Support and Resistance is one of the more pertinent areas of technical analysis that can offer traders a bevy of potential options. For example, traders can use support and resistance levels for risk management, or the placement of stops. Traders can also use these levels in an effort to catch large, market-moving changes in price; often called a ‘breakout,’ as price breaks support and/or resistance in the quest of making new highs or lows.
There are numerous mannerisms of identifying support and resistance levels. Many traders will choose to gleam these levels directly on the chart. But charts weren’t always available for traders to assimilate these prices so alternative mechanisms were developed. Before computers became commonplace amongst floor traders, a more simplistic method of identifying potential support and resistance levels was needed.
This is where Pivot Points come into play. Pivots come in many different types of and variations. The most common form of Pivots, the mechanism created and passed on by generations of traders on the floor of the World’s largest exchanges is known as the ‘Floor-Trader Pivot.’ This can also be called ‘Classical Pivots.’
The name ‘Floor-Trader Pivot,’ came from the fact that Pivot points can be calculated quickly, on the fly using price data from the previous day as an input. Although time-frames of less than a day can be used, Pivots are commonly plotted on the Daily Chart; using price data from the previous day’s trading activity.
Chart created by James Stanley
Notice that the Pivot (signified with ‘P’ above) shows the Pivot value, with the Support and Resistance levels automatically plotted.
The calculation for Classic Pivots begins with the calculation of the ‘mid-line,’ or the Pivot itself. This is an ‘average,’ price using the previous day’s high, low, and close. The trader can add these 3 levels together, and divide by 3 to find the ‘Pivot,’ for the current day.
Pivot = (Previous day’s High + Previous day’s Low + Previous day’s Close)/3
This Pivot isn’t generally looked as Support or Resistance, but rather a mid-point with which the various support and resistance levels can be calculated. Now that we have the Pivot calculated, we can move on to calculate some Support and Resistance Levels. Pivots will generally provide at least 2 levels of Support and Resistance (these levels are commonly referred to as R1 and R2, or S1 and S2).
To calculate the first level of resistance, or R1, the trader can take the Pivot value we calculated previously, multiply by 2 and subtract the Low from yesterday to arrive at a price value.
R1 = (Today’s Pivot Value X 2) – Low from Yesterday
After the trader has calculated the first level of resistance, they can then move on to the first level of support, or S1. S1 is calculated in a very similar manner as R1. We can simply multiply the Pivot value from today times 2, and subtract
yesterday’s high to calculate the value for S1.

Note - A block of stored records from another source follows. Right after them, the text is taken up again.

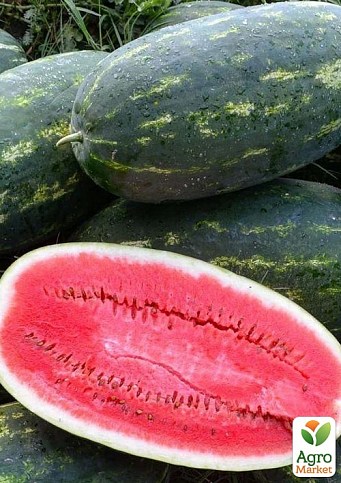 Арбуз "Юмми F1" ТМ "Lark Seeds" 1000шт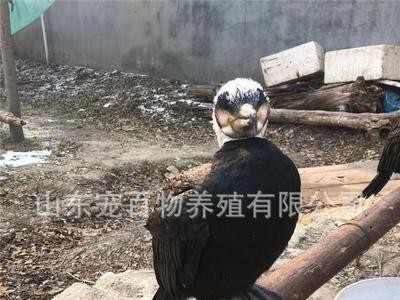 连云港活体鱼鹰捕鱼成年鱼鸬鹚鹰鱼鹰活体小鱼鹰鸬鹚景区表演抓鱼图3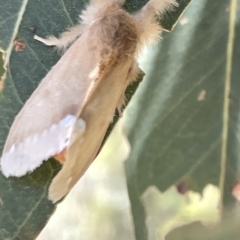 Euproctis baliolalis at Ainslie, ACT - 25 Feb 2023 03:23 PM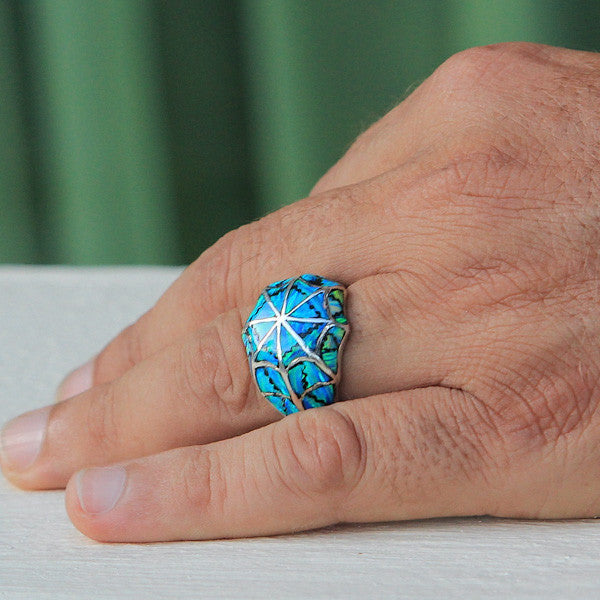 Blue Spider Net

S1 = (Today’s Pivot Value X 2) – High from Yesterday
As you can see from the previous calculations, our pivot values will be greatly dependant on the price action that had taken place in the previous day. Oftentimes, traders will need an additional level of support and resistance if price action is particularly volatile. This is where the second level of support and resistance can come into play. Traders will often-times take pivots a step further by defining the S2 and R2 values.
The second level of Resistance is going to be at a higher price than R1, and can be calculated by adding the difference between R1 and S1, and adding to the Pivot value we had calculated previously.
R2 = Pivot from today + (R1 – S1)
The calculation of S2, once again, is similar to the calculation of R2. We simply want to subtract that difference between R1 and S1 from our Pivot value.
S2 = Pivot from today – (R1 – S1)
Now that levels are calculated and applied, traders can look to employ these areas of support and/or resistance with the strategies and market approach that they are trading.